(45g) Combined Effect of Catalyst Size and Metal-Carbon Interactions On the Growth of Single Wall Carbon Nanotubes

Reactive molecular dynamics simulations are carried out with the purpose of analyzing how the catalyst particle size and the strength of adhesion between the catalyst surface and carbon structures formed at initial stages may affect the growth process of single wall carbon nanotubes (SWCNT), leading to cap lift-off or otherwise causing graphitic encapsulation and therefore poisoning of the catalyst. Our MD simulations show that the size of the particle defines the diameter of the resulting fullerene and therefore its curvature energy.

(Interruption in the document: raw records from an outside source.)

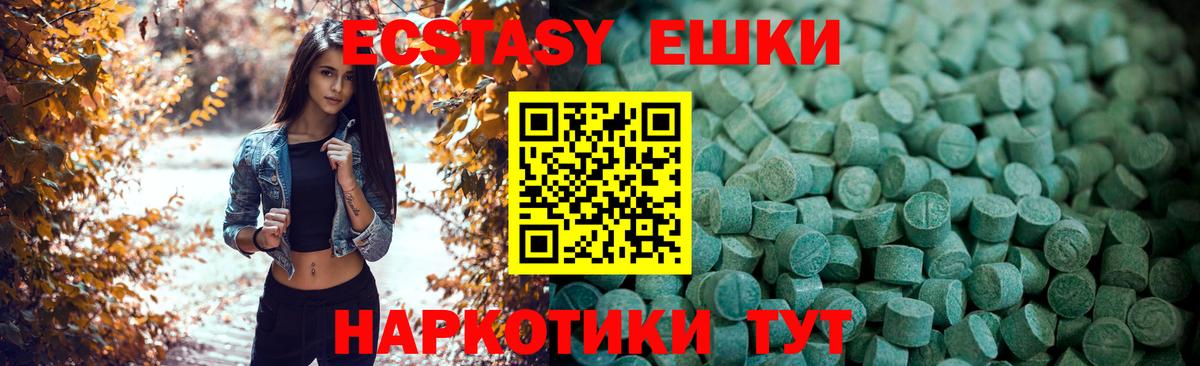 что такое   Вход с VPN  Губаха  Экстази таблы  Экстази 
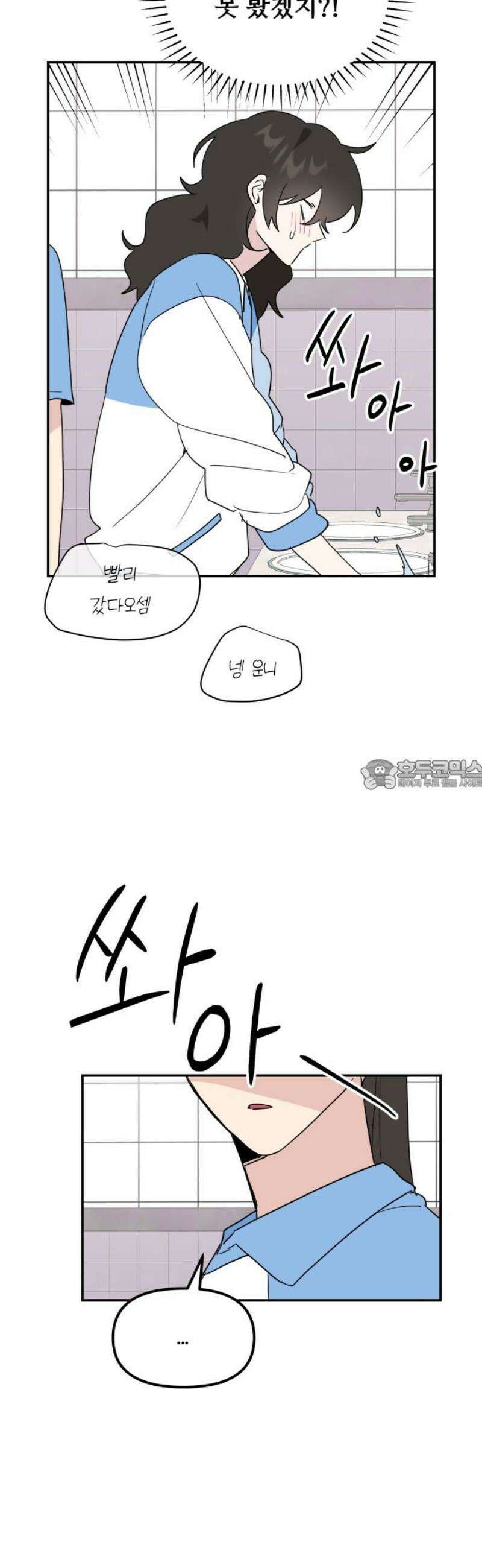 호러맨스 15． 체육대회(2) 28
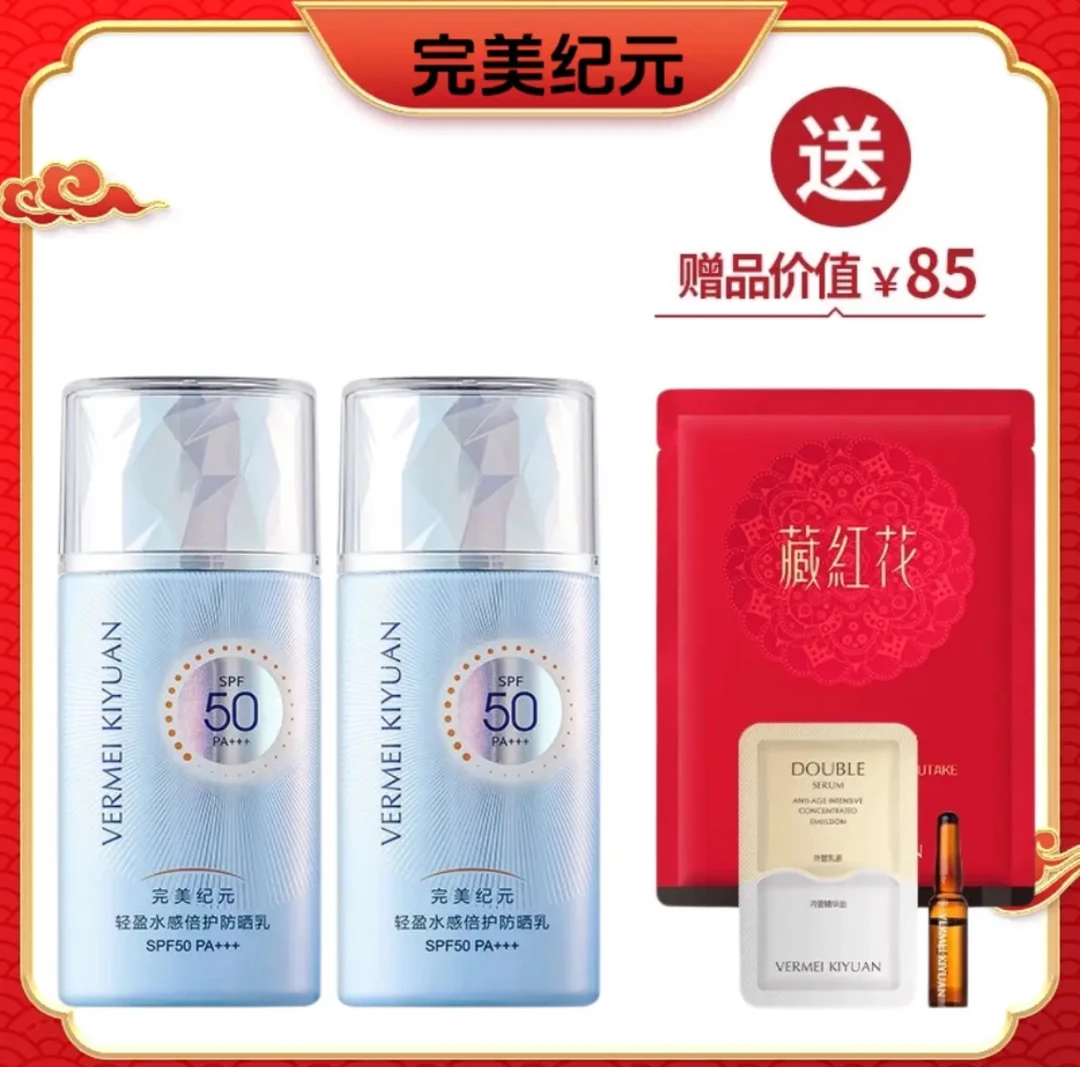 TST完美纪元水感倍护防晒乳 新品首发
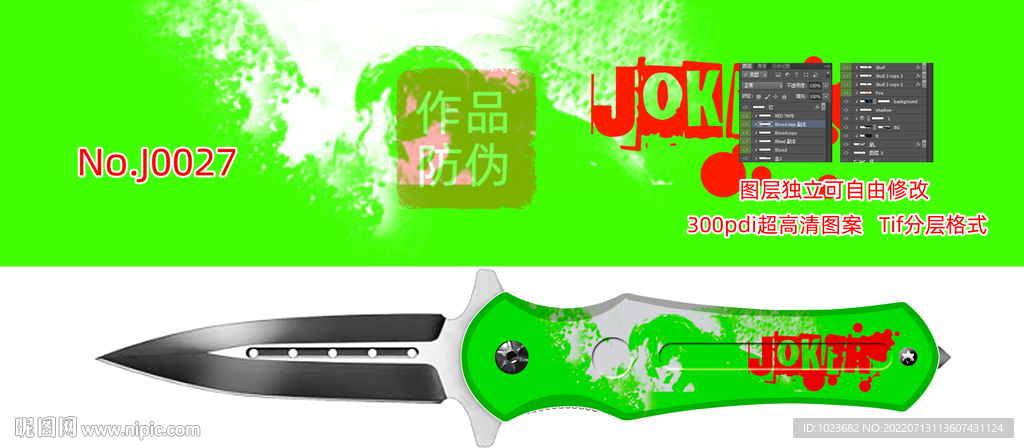 小丑 joker 水转印 彼覆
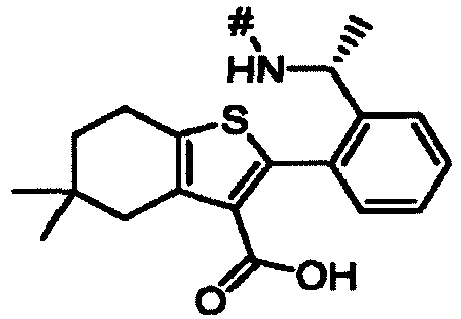 Figure imgb1242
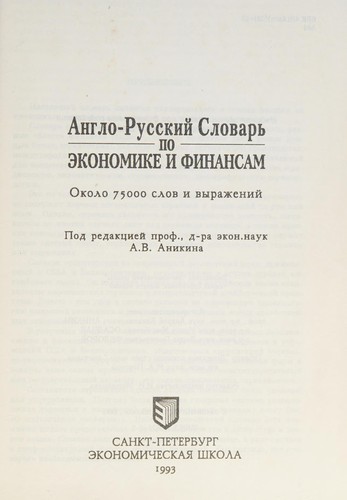 АНГЛО-РУССКИЙ Словарь по экономике и финансам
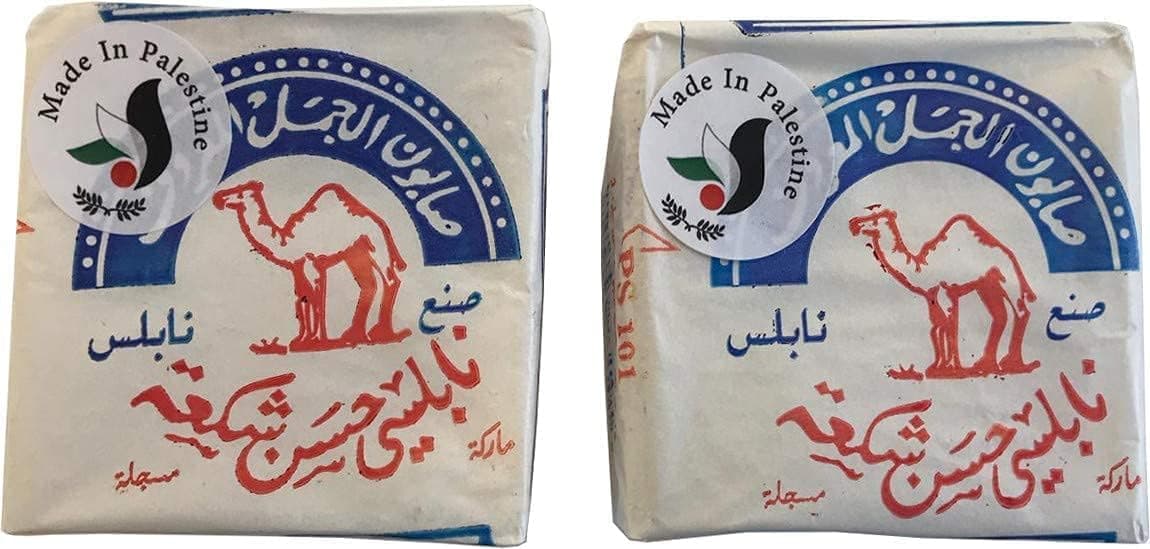 Olive Oil Nablus Soap Bar Al Jamal From The Holy Land 140ml (2 Bars)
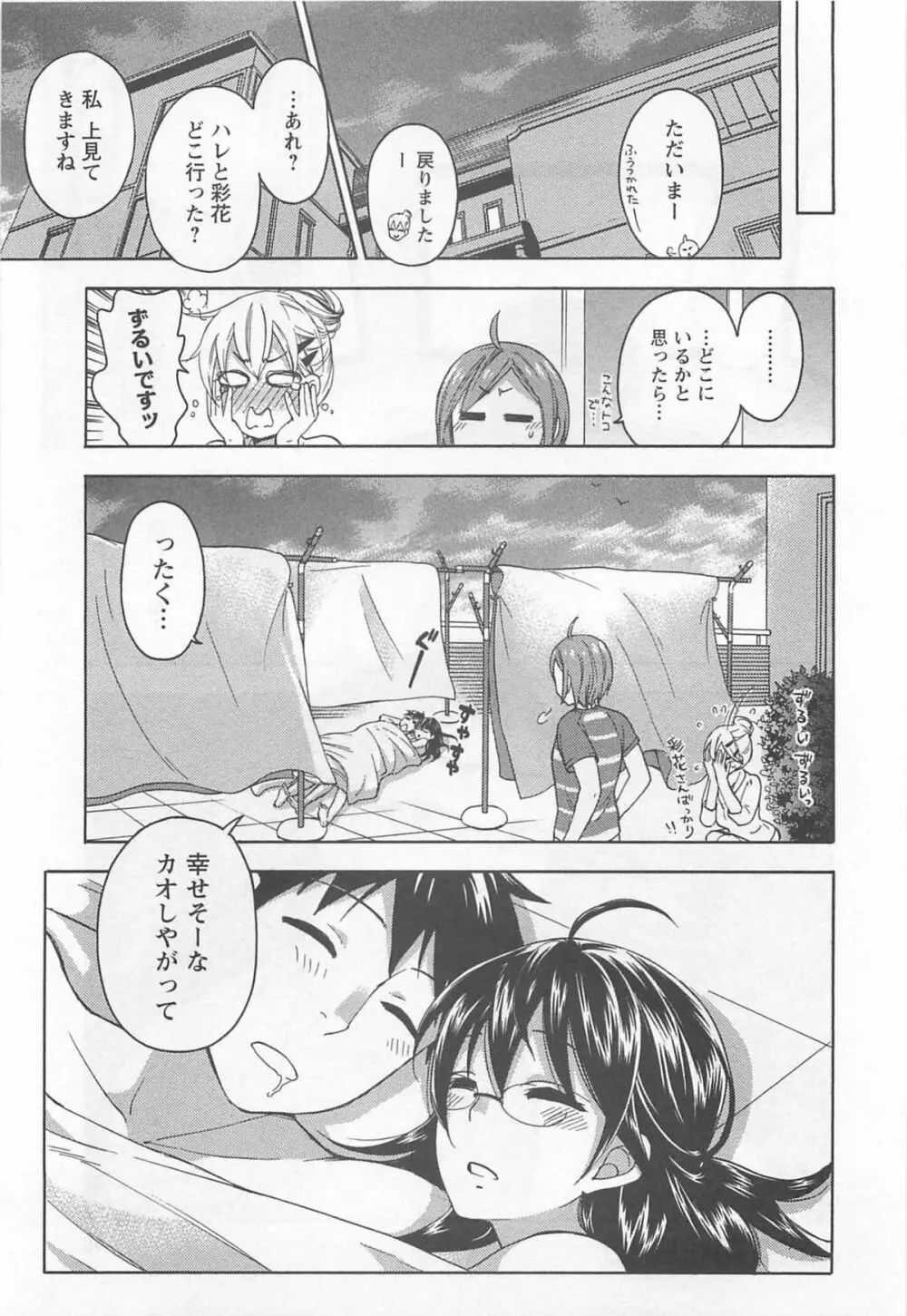 絶対☆は～れむ 4 Page.48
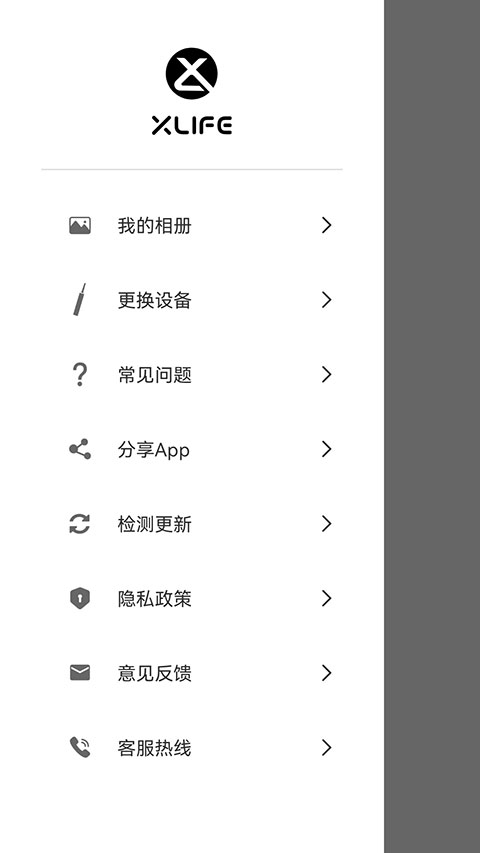 xlife掏耳勺(4)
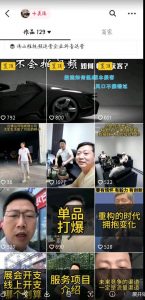 这样子带货月入过万,新手小白都适合的项目,一部手机可操作【揭秘】-知一资源网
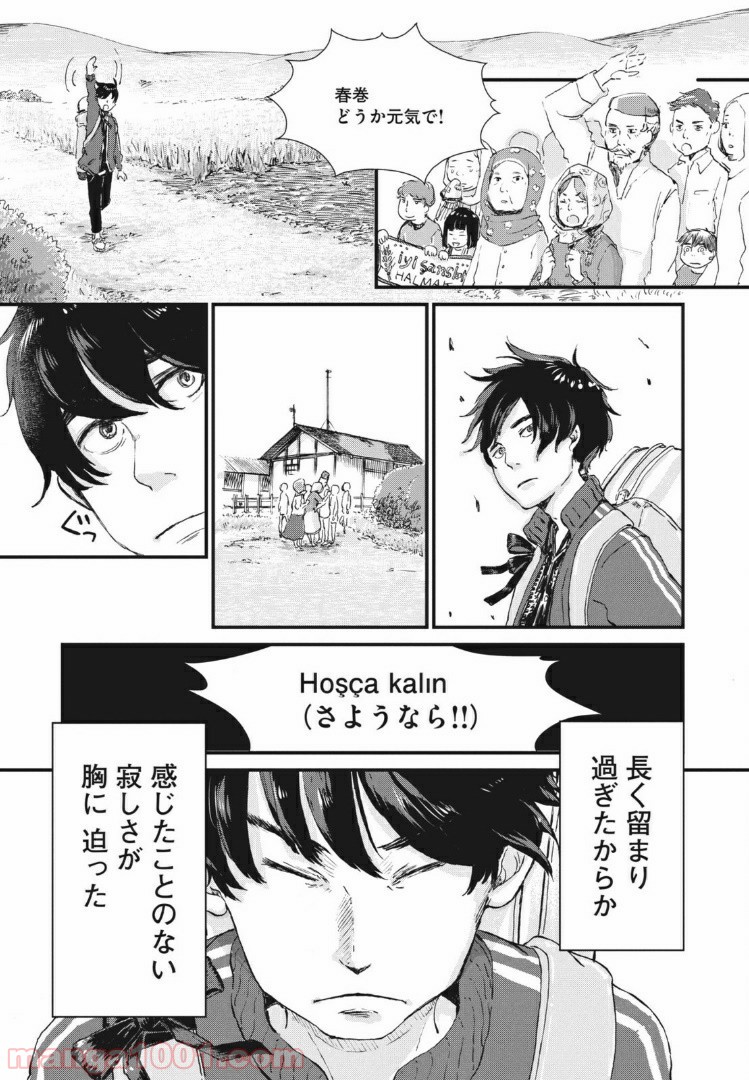 粉もんロード - 第4話 - Page 25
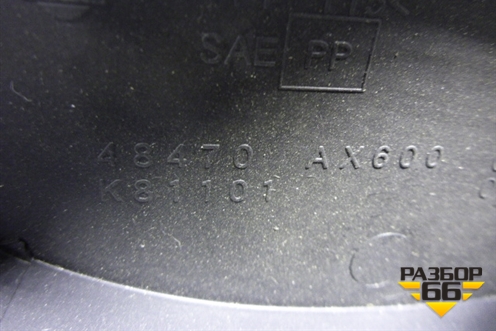 Кожух рулевой колонки (верхняя часть) для Nissan Micra (К12Е) с 2002-2010г (Микра)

We found that the work of adhesion must be weak enough to avoid the curvature energy of a spherical fullerene to be favorable over that of a single-wall carbon nanotube of the same diameter allowing in this way the lifting of caps, these results were found in agreement with the Smalley-Hafner curvature energy model1. Moreover, we propose that a simple model combining thermodynamic and kinetic effects may help to identify regions of single-wall carbon nanotube growth in the phase space defined by work of adhesion, temperature, and catalyst size.

Reference (1) Hafner, J. H.; Bronikowski, M. J.; Azamian, B. R.; Nikolaev, P.; Rinzler, A. G.; Colbert, D. T.; Smith, K. A.; Smalley, R. E. Chemical Physics Letters 1998, 296, 195.